La gente pasa apresurada y no se detiene a contemplar este milagro, este prodigio. Como quizá han visto loros en algún lugar, piensan ya haberlos visto todos.
Sólo una mujer de cierta edad se detiene a mirarlo con algún interés. Le rasca la cabeza durante tres segundos, le dice loro, lorito, y sigue adelante como si tal cosa. Tal vez ni siquiera se detuvo a ver el loro, sino que hizo un breve alto para tomar aliento.
Y mientras los transeúntes pasan a mi lado para luego mezcalsrse con la muchedumbre, me digo a mí mismo que la prisa, además de por muchas otras cosas, es mala por esta razón: porque es irrespetuosa. Los psicólogos podrán decir que es nociva para el alma porque la agita innecesariamente, y los médicos porque altera el ritmo cardíaco, produciendo infartos, pero yo, que no soy psicólogo y tampoco médico, digo que es irrespetuosa por que no repara en la belleza de las cosas.
Caminar lentamente, mirar con atención, detenerse incluso a contemplar, ¿no es una manera de rendir homenaje a este mundo tan lleno de formas y colores? ¿No es ya, para decirlo en breve, celebrar la hermosura oculta de la vida? “Sí –me digo-, Rilke, el poeta, tenía razón: acaso las estrellas no existan más que para que las veamos, y los grillos para que los escuchemos, y así no nos espante la noche”.
He aquí, por ejemplo, lo que escribió un alma contemplativa dirigiéndose a Dios, creador y Señor de todas las cosas:
“El coyote, cuando aúlla solitario en la noche, aúlla por Ti. Y por Ti grita la lechuza cuando grita en la noche. Y por Ti arrulla dulcemente la paloma y no lo sabe; y cuando el ternerito tierno llama a su madre, es a Ti a quien llama, y a Ti llama el león cuando ruge. Y todo el croar de las ranas es para Ti. Toda la creación te llama con toda clase de lenguajes… Las tardes y las noches son quietas y solitarias porque Dios las ha hecho para la contemplación.
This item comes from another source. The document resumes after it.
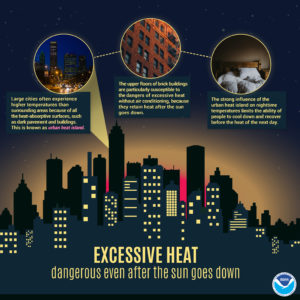 Excessive heat brings unique hazards to urban environments. Image: NOAA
Los bosques y los desiertos, y el mar, y el cielo estrellado, han sido hechos para la contemplación. Y todo el mundo ha sido hecho para eso. Las urracas hablan a Dios, y es Dios quien les enseñó a hablar. Todos los animales que cantan al amanecer, están cantando a Dios. Los volcanes, las nubes, los árboles, nos hablan a gritos de Dios. Toda la creación nos grita estridentemente, con un gran grito, la existencia y la belleza y el amor de Dios. La música nos lo grita en los oídos y los paisajes nos los gritan en los ojos” (Ernesto Cardenal, Vida en el amor).
Todo esto es verdad, pero ¿quién puede darse cuenta de que lo es, sino el que se detiene a contemplar el paisaje, el que se pone nostálgico al arreciar la lluvia y baila de alegría con la danza celestial de los planetas? De Pitágoras, el filósofo, se decía que era capaz de escuchar la música de las esferas. Era un alma contemplativa.
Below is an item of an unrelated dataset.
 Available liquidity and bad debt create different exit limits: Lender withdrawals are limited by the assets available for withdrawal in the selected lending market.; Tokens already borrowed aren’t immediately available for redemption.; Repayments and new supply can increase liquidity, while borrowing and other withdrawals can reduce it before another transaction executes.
Tal vez por eso los orientales nos pareen tan místicos y tan respetuosos: porque caminan lentamente, con ese paso grave favorable a la contemplación. Los occidentales, en cambio, vivimos con la lengua de fuera, atropellándonos unos a otros…
Hay que desconfiar de la prisa: no sólo es irrespetuosa, sino también mentirosa. Don Miguel de Unamuno (1864-1936) descubrió su mentira y la denunció así, valientemente, en uno de sus libros:
“En mi pueblo, Bilbao, hay un cierto culto a la actividad, al trabajo y, sin embargo, hay muchos vagos –como es natural que los haya en un pueblo tan trabajador-; pero esos vagos, para hacer creer que trabajan, van siempre muy de prisa por la calle. Cuando veáis a uno que va por la calle a todo vapor, atropellando a aquellos con quienes cruza, podéis asegurar que es un vago. Quiere hacer creer que está muy atareado”.